Terör örgütü elebaşı Abdullah Öcalan`ın talebi
Bir gazetecinin BDP heyetinin İmralı`ya giderek terör örgütü elebaşı Abdullah Öcalan ile görüştüğünü hatırlatarak, "Kamuoyuna Öcalan`ın talepleri olduğu belirtilen konular yansıdı. Bunların içinde Öcalan`ın basın mensupları ile bir araya gelmesi yer aldı. Bu konu Bakanlar Kurulunda konuşuldu mu, siz nasıl değerlendiriyorsunuz" sorusu üzerine Arınç, BDP heyetinin açıklamalarında bu konunun yer aldığını anımsattı.
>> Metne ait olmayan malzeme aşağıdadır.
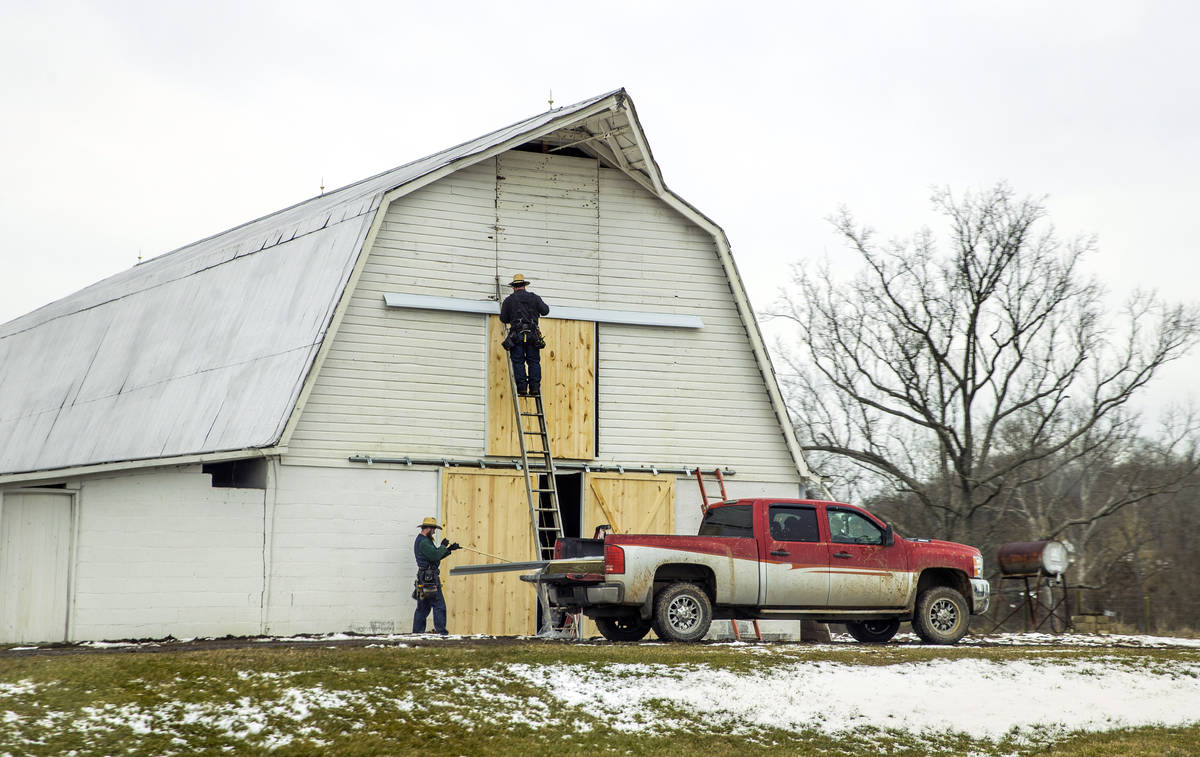 Men replace barn doors and a farm on Thursday, Feb. 4, 2021, near Southside, W.Va. (L.E. Baskow ...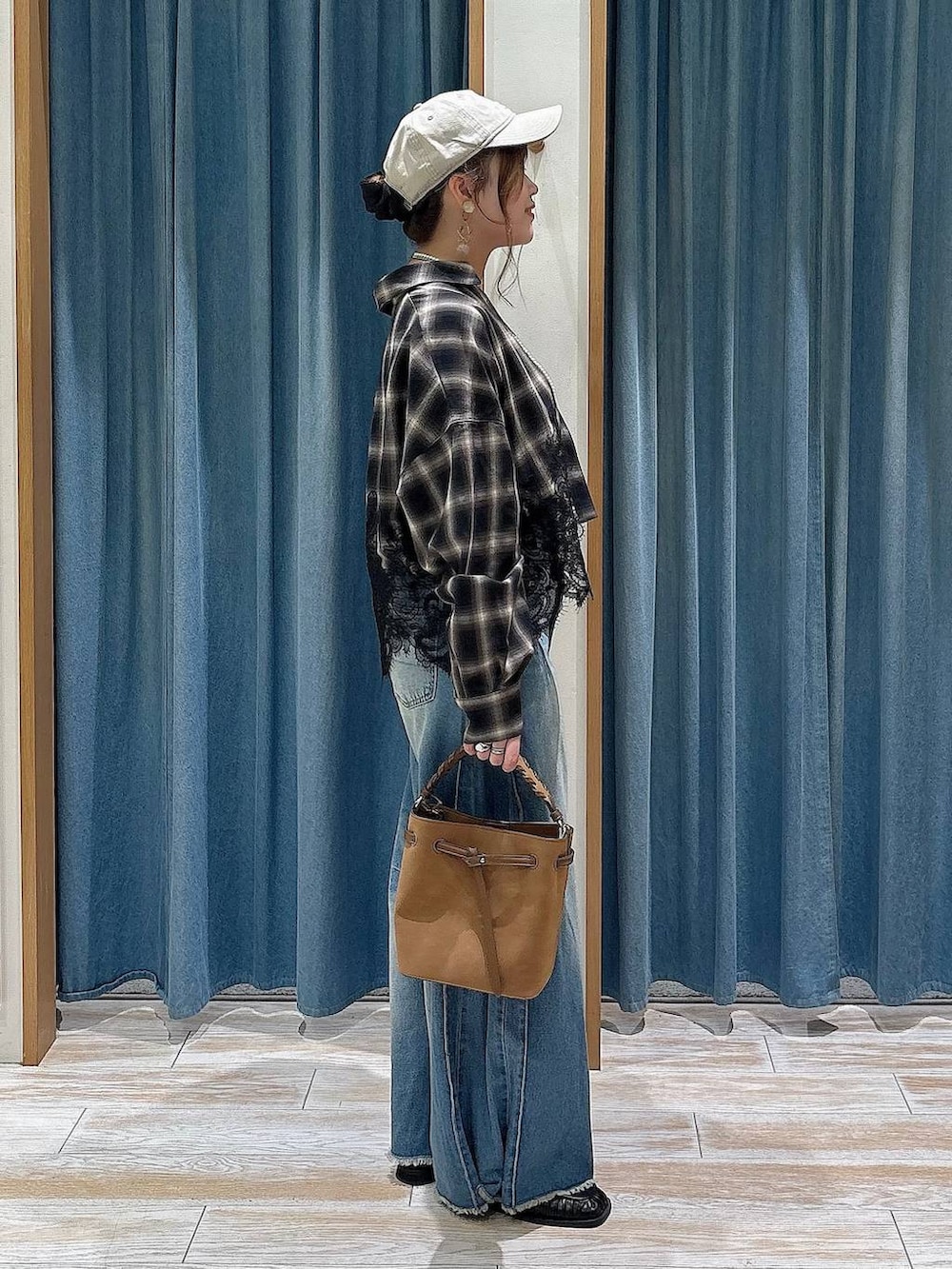 ブラック系のスリッポン、ブルー系のデニムパンツ、ブラウン系のシャツ/ブラウスを着用したレディースの夏コーディネートの2枚目の写真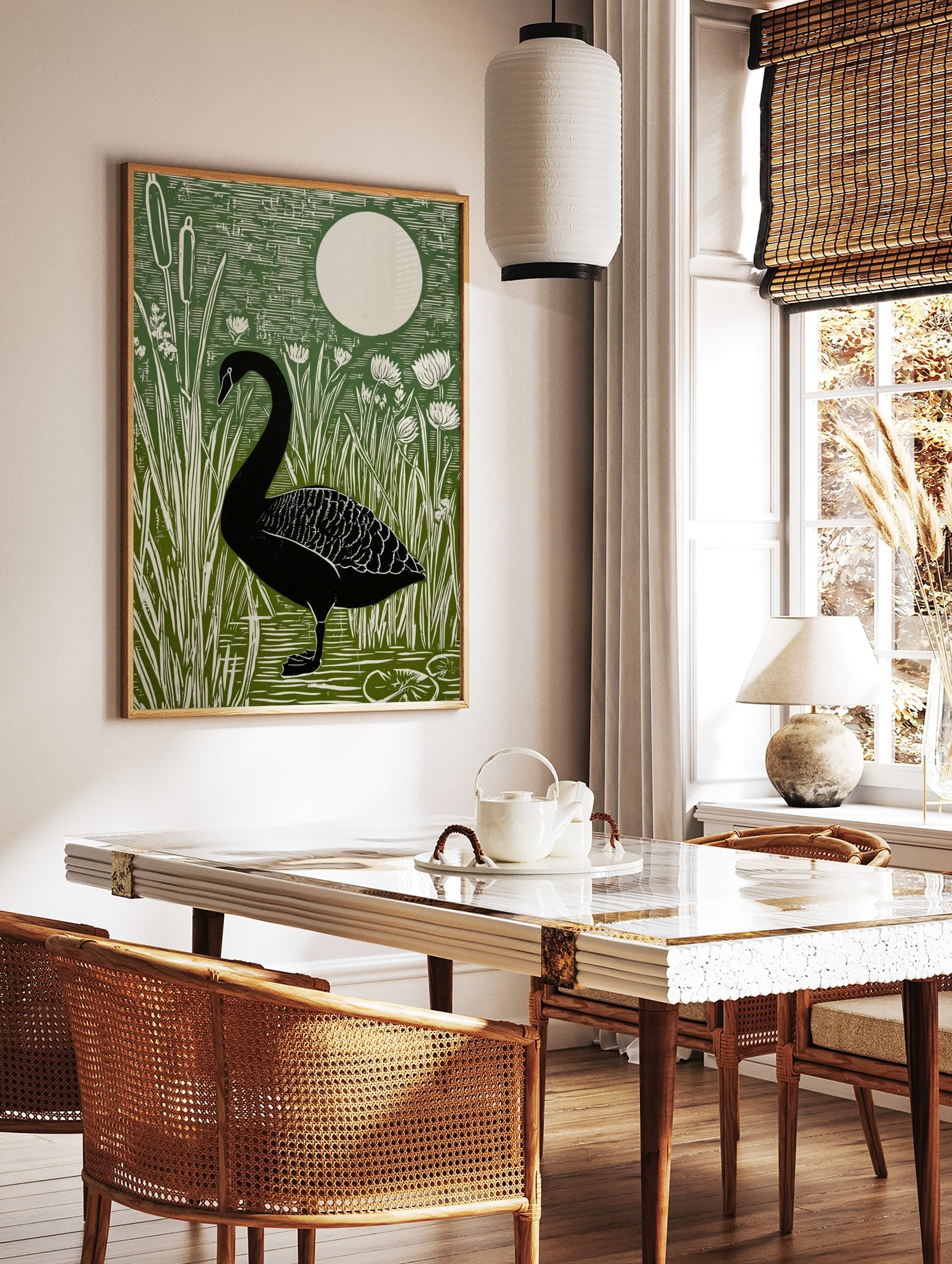 Black swan standing in water surrounded by green cattails and white flowers, with a large white moon, in a styled room mockup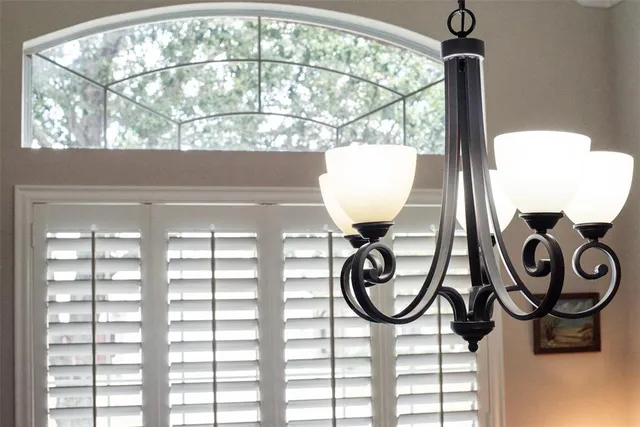 a bathroom with a toilet a sink and a window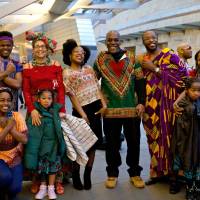 Baye McNeil (standing, fifth from left) and others assemble at Roppongi Hills in Tokyo on March 3 for a \"Black Panther\" viewing party. | ALEKSANDER DRAGICEVIC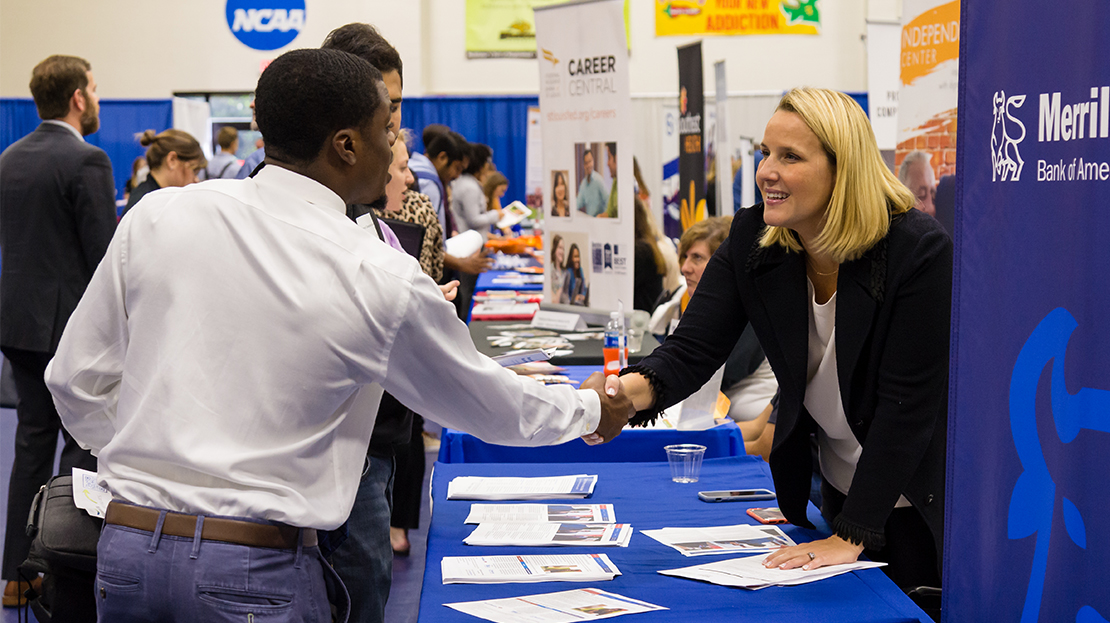 A Webster student exchanging a handshake at a career fair.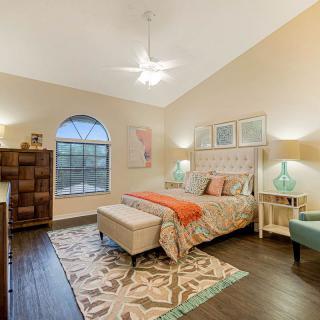 A beautifully decorated bedroom with a comfortable bed, stylish furniture, and elegant lighting.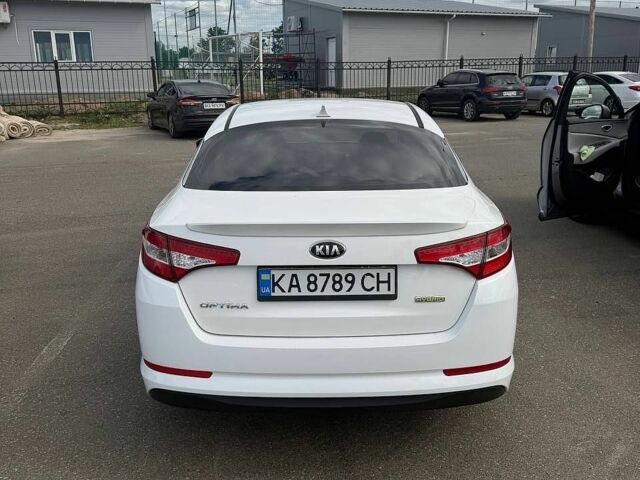 Білий Кіа Оптіма, об'ємом двигуна 2.36 л та пробігом 240 тис. км за 9100 $, фото 5 на Automoto.ua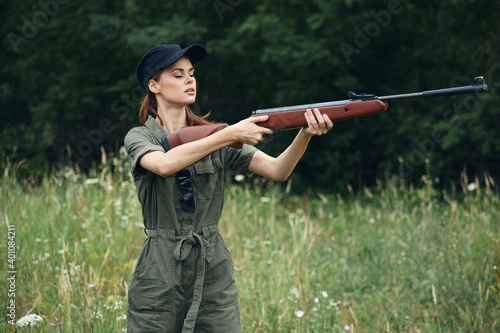 Woman on outdoor Holding a weapon in front of him hunting side views green leaves green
Bunun Bakanlar Kurulunda konuşulacak bir konu olmadığını vurgulayan Arınç, kendisinin Adalet Bakanı ile görüştüğünü belirtti. Arınç, şunları şunları söyledi:
"Ağırlaştırılmış müebbet hapse mahkum bir hükümlünün, sıfatı böyle olduğu için söylüyorum hukuken. Türkiye bir hukuk devletidir, kimlerle ne zaman, ne şekilde görüşeceği de yönetmeliklerle belirlenmiştir. Milletvekilleri görüşmek isterlerse Adalet Bakanımızın iznine bağlıdır, birinci derece yakınları isterse bunun prosedürü de bellidir. Öcalan`ın `Ben basınla bir toplantı yapmak istiyorum` demesi onun arzusudur. Bunun gerçekleşip gerçekleşmeyeceği noktasında hiç sağa sola bakmaya gerek yok. Elimizdeki mevcut hukuki mevzuatta bu mümkün görünmemektedir. Daha önceki yönetmeliklere baktığınız zaman, bir hükümlünün karşısına basın mensuplarını alıp da bulunduğu yerde bir basın toplantısı yapması hiçbir şekilde mümkün görünmemektedir. Bunun sorulması dahi caiz değildir. Çünkü olmayacak bir şeyin, yönetmeliklerde, kanunda, uluslararası hukukta yeri olmayan bir konunun, talep olabilir herkes bir şey isteyebilir ama gerçekleşip gerçekleşmemesi elimizdeki mevzuatla çok yakından ilgilidir."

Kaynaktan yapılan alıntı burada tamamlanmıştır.